At this point, any traffic within my NSX domain—for example, if I’ve got a VM here that wants to communicate with a VM here—is going to hit this distributed router. It’s going to get routed east-west; it’s going to flow through the physical network and reach that virtual machine. That’s my east-west routing. But north and south, if the destination is out here on the Internet, we’re going to have to have that traffic flow out of the virtual machine. The first hop routing will be done by the distributed router saying, “Hey, this is destined for the internet.” East-west, the traffic is going to get encapsulated over a spine, hit one of these NSX edges, and then hit the NSX edge service router.

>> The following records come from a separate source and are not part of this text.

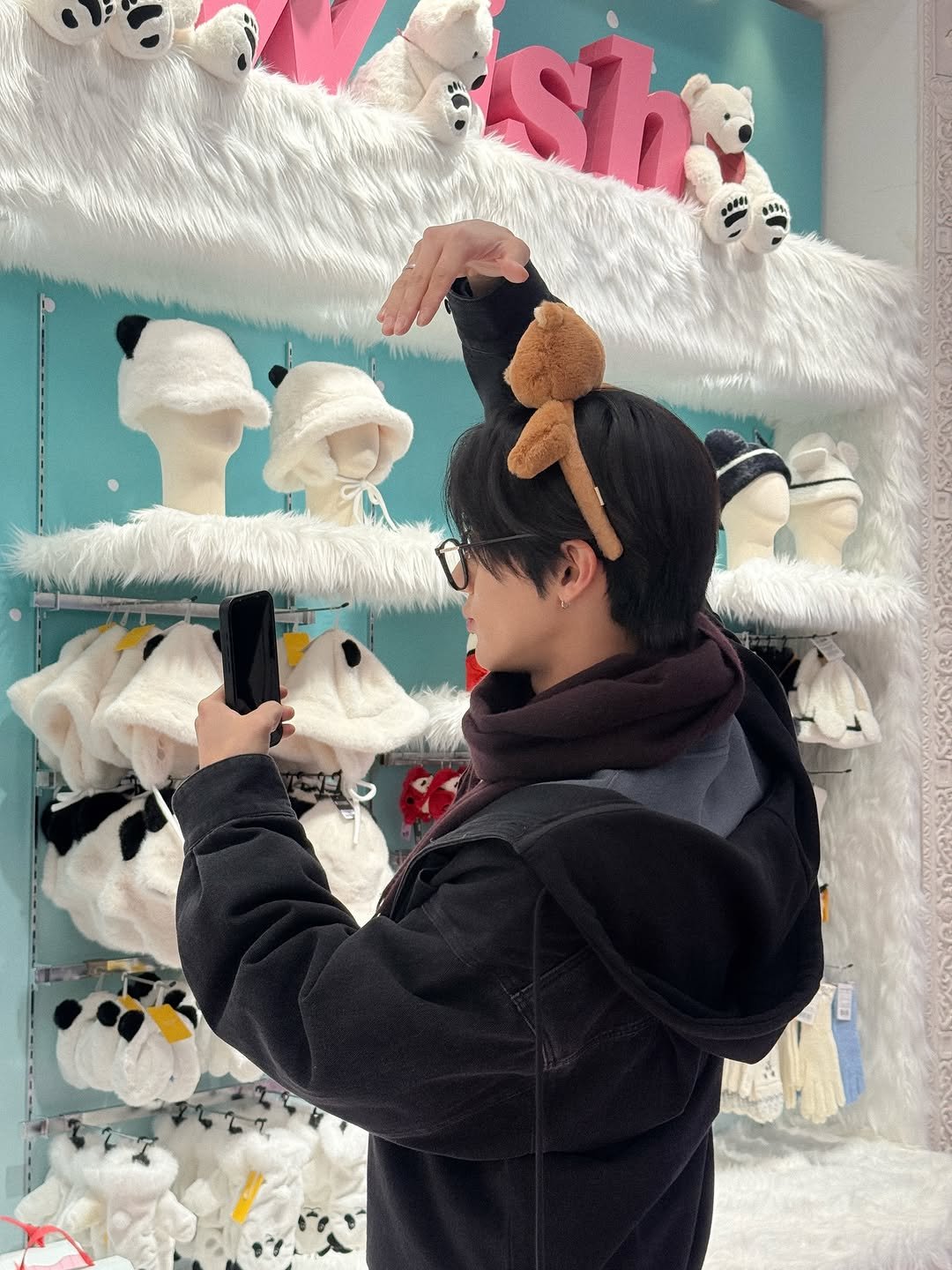 Photo shared by 더보이즈 (THE BOYZ) on December 22, 2025 tagging @eric.is.youngjae. May be an image of penguin, duffle coat, toy, snowman and text that says 'Shi'.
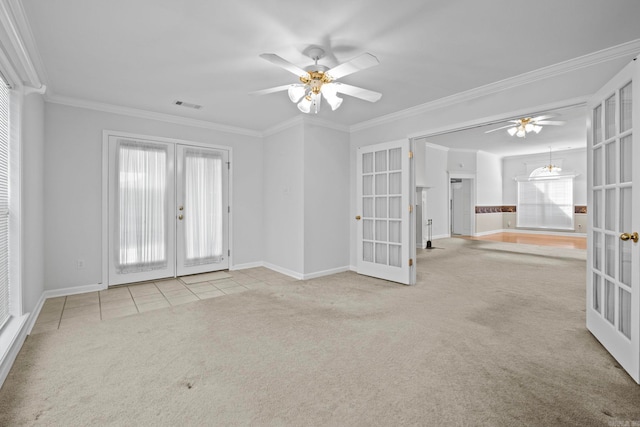 carpeted empty room featuring french doors, crown molding, a healthy amount of sunlight, and ceiling fan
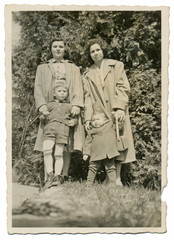 Fototapeta na wymiar Two young mothers with their children - circa 1950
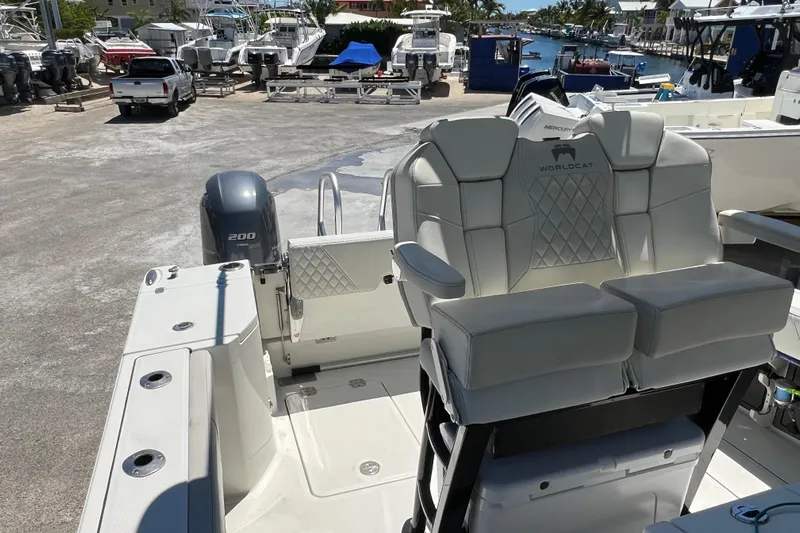  Yacht Photos Pics 2024 World Cat 260 CC-X boat interior with seating and engine view.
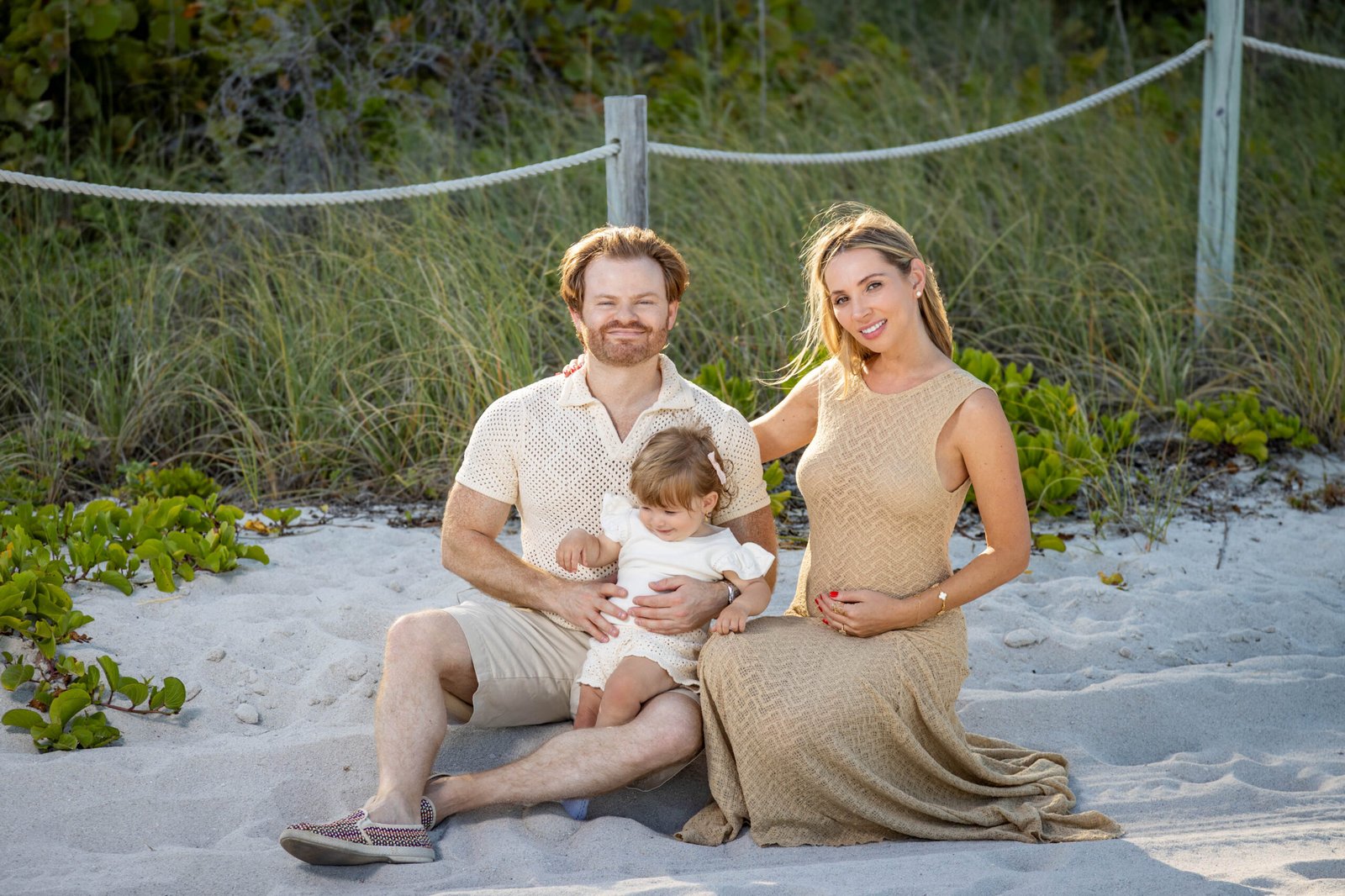 Expectant family embracing in the beach dunes during a West Palm Beach maternity photo session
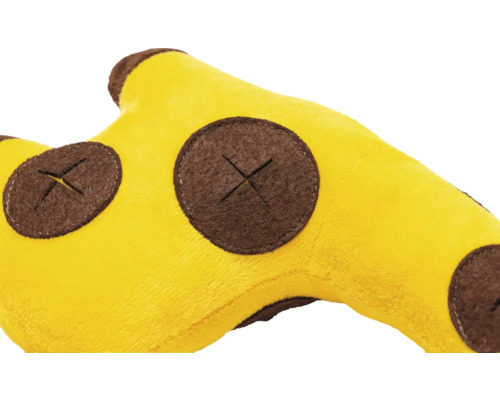 Nahaufnahme eines gelben Giraffenkopf-Plüschtiers mit braunen Flecken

And in the NSX edge node, we’re actually going to have a service router, and the service router is going to receive that traffic across that intertier transit link, and the service router has another hop out there on the physical network somewhere. So that’s kind of the main function of this north-south routing piece: to say, “Hey, if traffic is flowing out of a VM, we’ll north-south throughout it using the distributed router.” But the service router is going to run centrally on these edge nodes, but the service router is going to sit on the edge and handle the north-south routing of that traffic.